• **WHAT NEEDS TO BE DONE**
Starting with the line that contains "Photo of property" and stopping after the line that contains "Issey Miyake Issey", return each line below exactly as written, with no others.

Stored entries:
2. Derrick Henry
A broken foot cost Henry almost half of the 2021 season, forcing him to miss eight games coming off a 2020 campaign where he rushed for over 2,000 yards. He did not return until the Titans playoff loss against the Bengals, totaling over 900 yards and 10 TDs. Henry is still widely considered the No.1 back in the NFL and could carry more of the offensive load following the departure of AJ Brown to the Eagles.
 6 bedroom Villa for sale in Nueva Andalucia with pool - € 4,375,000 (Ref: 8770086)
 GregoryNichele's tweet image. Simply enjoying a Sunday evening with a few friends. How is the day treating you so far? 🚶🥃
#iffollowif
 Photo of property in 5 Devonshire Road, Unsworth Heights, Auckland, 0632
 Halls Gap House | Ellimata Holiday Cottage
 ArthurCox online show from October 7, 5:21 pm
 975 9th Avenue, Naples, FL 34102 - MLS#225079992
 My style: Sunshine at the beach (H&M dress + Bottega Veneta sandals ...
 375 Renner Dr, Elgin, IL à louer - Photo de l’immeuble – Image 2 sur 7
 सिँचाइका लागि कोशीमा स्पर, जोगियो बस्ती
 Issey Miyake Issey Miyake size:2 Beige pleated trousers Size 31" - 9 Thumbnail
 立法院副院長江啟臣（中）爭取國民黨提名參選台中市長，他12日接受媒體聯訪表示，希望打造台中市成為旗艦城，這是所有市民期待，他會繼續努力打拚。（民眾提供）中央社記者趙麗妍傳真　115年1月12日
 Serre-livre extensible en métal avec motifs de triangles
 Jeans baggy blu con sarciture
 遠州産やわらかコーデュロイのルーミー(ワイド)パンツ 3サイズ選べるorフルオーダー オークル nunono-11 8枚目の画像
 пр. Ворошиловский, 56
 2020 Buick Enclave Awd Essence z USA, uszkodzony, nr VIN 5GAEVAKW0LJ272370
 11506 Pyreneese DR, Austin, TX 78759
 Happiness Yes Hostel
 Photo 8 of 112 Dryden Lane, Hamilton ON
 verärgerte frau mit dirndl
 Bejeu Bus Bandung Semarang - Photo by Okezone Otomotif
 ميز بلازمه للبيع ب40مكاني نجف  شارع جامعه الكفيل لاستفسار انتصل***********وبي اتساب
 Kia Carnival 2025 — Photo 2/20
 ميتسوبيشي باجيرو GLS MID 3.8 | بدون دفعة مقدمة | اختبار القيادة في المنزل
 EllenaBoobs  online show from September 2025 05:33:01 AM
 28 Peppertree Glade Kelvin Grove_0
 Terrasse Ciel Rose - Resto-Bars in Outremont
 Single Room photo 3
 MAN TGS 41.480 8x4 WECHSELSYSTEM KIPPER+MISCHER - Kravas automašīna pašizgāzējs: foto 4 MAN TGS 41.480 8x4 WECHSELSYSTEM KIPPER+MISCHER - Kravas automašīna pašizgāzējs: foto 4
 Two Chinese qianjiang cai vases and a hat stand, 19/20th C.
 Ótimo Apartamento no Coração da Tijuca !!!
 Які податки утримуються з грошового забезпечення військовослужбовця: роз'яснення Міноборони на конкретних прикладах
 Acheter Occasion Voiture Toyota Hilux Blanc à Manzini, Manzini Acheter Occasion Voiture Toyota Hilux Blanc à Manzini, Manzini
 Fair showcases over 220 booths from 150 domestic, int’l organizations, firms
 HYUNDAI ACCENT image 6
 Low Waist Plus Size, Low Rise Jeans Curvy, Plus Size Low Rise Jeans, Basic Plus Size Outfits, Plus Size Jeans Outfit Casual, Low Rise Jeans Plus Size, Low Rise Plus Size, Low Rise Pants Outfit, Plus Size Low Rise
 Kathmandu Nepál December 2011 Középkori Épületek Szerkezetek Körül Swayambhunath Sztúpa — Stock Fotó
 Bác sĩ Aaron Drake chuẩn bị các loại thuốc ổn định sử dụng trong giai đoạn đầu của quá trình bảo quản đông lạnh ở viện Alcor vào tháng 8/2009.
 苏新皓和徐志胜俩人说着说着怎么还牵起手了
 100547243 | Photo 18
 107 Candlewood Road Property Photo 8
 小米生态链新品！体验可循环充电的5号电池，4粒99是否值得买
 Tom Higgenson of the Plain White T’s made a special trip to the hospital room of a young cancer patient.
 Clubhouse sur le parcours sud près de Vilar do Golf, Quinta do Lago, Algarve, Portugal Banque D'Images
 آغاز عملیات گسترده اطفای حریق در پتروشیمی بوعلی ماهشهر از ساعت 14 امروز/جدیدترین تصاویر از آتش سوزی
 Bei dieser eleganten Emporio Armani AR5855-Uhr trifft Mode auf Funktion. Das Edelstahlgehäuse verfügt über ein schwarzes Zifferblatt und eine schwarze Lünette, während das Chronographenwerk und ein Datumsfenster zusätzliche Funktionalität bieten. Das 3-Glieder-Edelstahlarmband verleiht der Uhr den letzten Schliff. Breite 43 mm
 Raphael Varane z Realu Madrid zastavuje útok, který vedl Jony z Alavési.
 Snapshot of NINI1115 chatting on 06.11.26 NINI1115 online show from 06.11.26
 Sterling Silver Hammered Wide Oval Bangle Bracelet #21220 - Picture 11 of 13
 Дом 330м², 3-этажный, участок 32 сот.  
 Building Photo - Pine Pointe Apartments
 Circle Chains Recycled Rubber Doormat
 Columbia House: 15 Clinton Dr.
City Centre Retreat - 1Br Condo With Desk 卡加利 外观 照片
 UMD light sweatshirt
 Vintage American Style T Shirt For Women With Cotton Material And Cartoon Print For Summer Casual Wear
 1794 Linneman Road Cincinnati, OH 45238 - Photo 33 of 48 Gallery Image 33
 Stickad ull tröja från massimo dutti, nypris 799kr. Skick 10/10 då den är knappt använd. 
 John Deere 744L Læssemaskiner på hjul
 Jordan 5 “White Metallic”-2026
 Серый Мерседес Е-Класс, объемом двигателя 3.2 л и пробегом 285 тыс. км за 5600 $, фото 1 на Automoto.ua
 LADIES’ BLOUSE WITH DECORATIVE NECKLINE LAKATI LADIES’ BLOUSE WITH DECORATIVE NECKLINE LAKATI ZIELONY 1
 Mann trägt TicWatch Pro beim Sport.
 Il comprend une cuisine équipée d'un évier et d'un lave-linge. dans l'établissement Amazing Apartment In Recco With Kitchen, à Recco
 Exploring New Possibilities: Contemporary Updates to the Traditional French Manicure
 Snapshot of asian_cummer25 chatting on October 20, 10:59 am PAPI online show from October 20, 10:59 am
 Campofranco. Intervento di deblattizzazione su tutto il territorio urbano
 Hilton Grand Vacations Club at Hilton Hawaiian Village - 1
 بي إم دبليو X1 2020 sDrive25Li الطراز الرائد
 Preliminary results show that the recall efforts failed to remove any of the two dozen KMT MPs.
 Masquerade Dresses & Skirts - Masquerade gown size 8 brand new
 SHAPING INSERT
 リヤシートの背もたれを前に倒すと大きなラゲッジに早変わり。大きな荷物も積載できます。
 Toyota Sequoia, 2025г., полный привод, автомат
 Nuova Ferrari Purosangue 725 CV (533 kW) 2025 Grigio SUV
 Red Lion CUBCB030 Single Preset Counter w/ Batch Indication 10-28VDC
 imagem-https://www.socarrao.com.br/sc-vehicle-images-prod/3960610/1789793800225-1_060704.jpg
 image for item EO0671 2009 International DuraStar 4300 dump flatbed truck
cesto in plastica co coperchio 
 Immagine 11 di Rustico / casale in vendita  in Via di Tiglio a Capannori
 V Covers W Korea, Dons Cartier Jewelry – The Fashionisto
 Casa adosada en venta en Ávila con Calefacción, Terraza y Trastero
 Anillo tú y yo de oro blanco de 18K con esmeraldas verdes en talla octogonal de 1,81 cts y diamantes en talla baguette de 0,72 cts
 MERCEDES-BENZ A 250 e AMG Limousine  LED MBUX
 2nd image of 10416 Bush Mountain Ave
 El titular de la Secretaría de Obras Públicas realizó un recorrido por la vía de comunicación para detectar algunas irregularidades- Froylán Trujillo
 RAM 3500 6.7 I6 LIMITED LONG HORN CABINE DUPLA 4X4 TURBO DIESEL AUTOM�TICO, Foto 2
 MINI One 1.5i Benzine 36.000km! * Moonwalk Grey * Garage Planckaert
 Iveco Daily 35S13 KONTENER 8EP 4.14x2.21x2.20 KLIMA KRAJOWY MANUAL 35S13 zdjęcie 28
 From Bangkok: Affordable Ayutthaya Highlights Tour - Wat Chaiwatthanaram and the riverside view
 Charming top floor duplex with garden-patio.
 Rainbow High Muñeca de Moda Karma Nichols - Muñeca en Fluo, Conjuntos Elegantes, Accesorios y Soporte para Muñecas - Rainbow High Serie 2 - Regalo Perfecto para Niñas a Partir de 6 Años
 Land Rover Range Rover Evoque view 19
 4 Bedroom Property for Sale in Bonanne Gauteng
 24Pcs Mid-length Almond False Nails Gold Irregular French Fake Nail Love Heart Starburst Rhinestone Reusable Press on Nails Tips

• **THE ANSWER**
 Photo of property in 5 Devonshire Road, Unsworth Heights, Auckland, 0632
 Halls Gap House | Ellimata Holiday Cottage
 ArthurCox online show from October 7, 5:21 pm
 975 9th Avenue, Naples, FL 34102 - MLS#225079992
 My style: Sunshine at the beach (H&M dress + Bottega Veneta sandals ...
 375 Renner Dr, Elgin, IL à louer - Photo de l’immeuble – Image 2 sur 7
 सिँचाइका लागि कोशीमा स्पर, जोगियो बस्ती
 Issey Miyake Issey Miyake size:2 Beige pleated trousers Size 31" - 9 Thumbnail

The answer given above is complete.